ERROR: No matching distribution found for torch==1.4.0

@xiafengdongzhi
Copy link

Hi kwea123 :) When I run the Installation cell in the colab, I met this problem. But I was able to run it successfully before, can you help me?

Looking in indexes: https://pypi.org/simple, https://us-python.pkg.dev/colab-wheels/public/simple/ ERROR: Could not find a version that satisfies the requirement torch==1.4.0 (from versions: 1.7.1, 1.8.0, 1.8.1, 1.9.0, 1.9.1, 1.10.0, 1.10.1, 1.10.2, 1.11.0, 1.12.0, 1.12.1, 1.13.0, 1.13.1, 2.0.0) ERROR: No matching distribution found for torch==1.4.0

I met the same problem, did you fix it?

@aedutta
Copy link

aedutta commented May 3, 2023

Go to requirements.txt and change the version of torch. In this case, I believe it does not matter what version you use.

@Dawn11041107
Copy link

Can any kind guy tell me the latest version of each version? Can you show me your requirements.txt?

@sukikotori
Copy link

sukikotori commented Nov 3, 2023

Can any kind guy tell me the latest version of each version? Can you show me your requirements.txt?

This is my change to the text
this can indeed build the environment
But I'm not sure if it can be used in NeRF


torch==2.1.0
torchvision==0.16.0
pytorch-lightning==0.7.5
test-tube
kornia==0.2.0
opencv-python==4.8.1.78
matplotlib
jupyter


Remember to make sure your COLAB is connected to the GPU

@Dawn11041107
Copy link

Dawn11041107 commented Nov 3, 2023

This is my change to the text this can indeed build the environment But I'm not sure if it can be used in NeRF
torch==2.1.0 torchvision==0.16.0 pytorch-lightning==0.7.5 test-tube kornia==0.2.0 opencv-python==4.8.1.78 matplotlib jupyter
Remember to make sure your COLAB is connected to the GPU

Thannnnnnnk you very much for your reply~ After letting me modify it according to your suggestion, the following error occurred:
Traceback (most recent call last):

File "/content/nerf_pl/train.py", line 7, in <module>
  from datasets import dataset_dict
File "/content/nerf_pl/datasets/__init__.py", line 1, in <module>
  from .blender import BlenderDataset
File "/content/nerf_pl/datasets/blender.py", line 9, in <module>
  from .ray_utils import *
File "/content/nerf_pl/datasets/ray_utils.py", line 2, in <module>
  from kornia import create_meshgrid
File "/usr/local/lib/python3.10/dist-packages/kornia/__init__.py", line 12, in <module>
  from kornia import augmentation
File "/usr/local/lib/python3.10/dist-packages/kornia/augmentation/__init__.py", line 1, in <module>
  from .augmentation import *
File "/usr/local/lib/python3.10/dist-packages/kornia/augmentation/augmentation.py", line 7, in <module>
  from . import functional as F
File "/usr/local/lib/python3.10/dist-packages/kornia/augmentation/functional.py", line 488
  input = input.view((-1, (*input.shape[-3:])))

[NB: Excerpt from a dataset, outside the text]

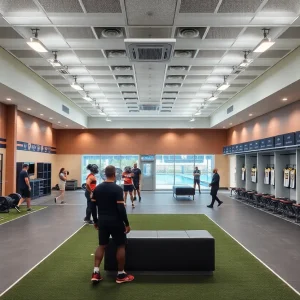 Interior view of the Memorial Hermann Football Operations Center at the University of Houston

SyntaxError: cannot use starred expression here
Maybe because COLAB use python3.10, and the version of kornia does not support...something wrong about tuple

@Dawn11041107
Copy link

Dawn11041107 commented Nov 6, 2023

Can any kind guy tell me the latest version of each version? Can you show me your requirements.txt?

Guys, this is my final change to the requirements.txt(on Nov. 4th, 2023), and it works for me!

torch==1.11.0
torchvision==0.1.6
pytorch-lightning==1.6.0
test-tube==0.7.5
kornia==0.7.0
opencv-python==3.4.0.14
matplotlib
jupyter

# for mesh
PyMCubes
pycollada
trimesh
pyglet

# for point cloud
plyfile
open3d

But I also changed some codes in train.py...to match the version

from opt import get_opts
import torch
from collections import defaultdict

from torch.utils.data import DataLoader
from datasets import dataset_dict

# models
from models.nerf import Embedding, NeRF
from models.rendering import render_rays

# optimizer, scheduler, visualization
from utils import *

# losses
from losses import loss_dict

# metrics
from metrics import *

# pytorch-lightning
from pytorch_lightning.callbacks import ModelCheckpoint
from pytorch_lightning.callbacks import EarlyStopping
from pytorch_lightning import LightningModule, Trainer
from pytorch_lightning.loggers import TestTubeLogger
from pytorch_lightning.profiler import PyTorchProfiler

class NeRFSystem(LightningModule):
    def __init__(self, hparams):
        super(NeRFSystem, self).__init__()
        self.save_hyperparameters(hparams)
        # self.hparams = hparams

        self.loss = loss_dict[hparams.loss_type]()

        self.embedding_xyz = Embedding(3, 10) # 10 is the default number
        self.embedding_dir = Embedding(3, 4) # 4 is the default number
        self.embeddings = [self.embedding_xyz, self.embedding_dir]

        self.nerf_coarse = NeRF()
        self.models = [self.nerf_coarse]
        if hparams.N_importance > 0:
            self.nerf_fine = NeRF()
            self.models += [self.nerf_fine]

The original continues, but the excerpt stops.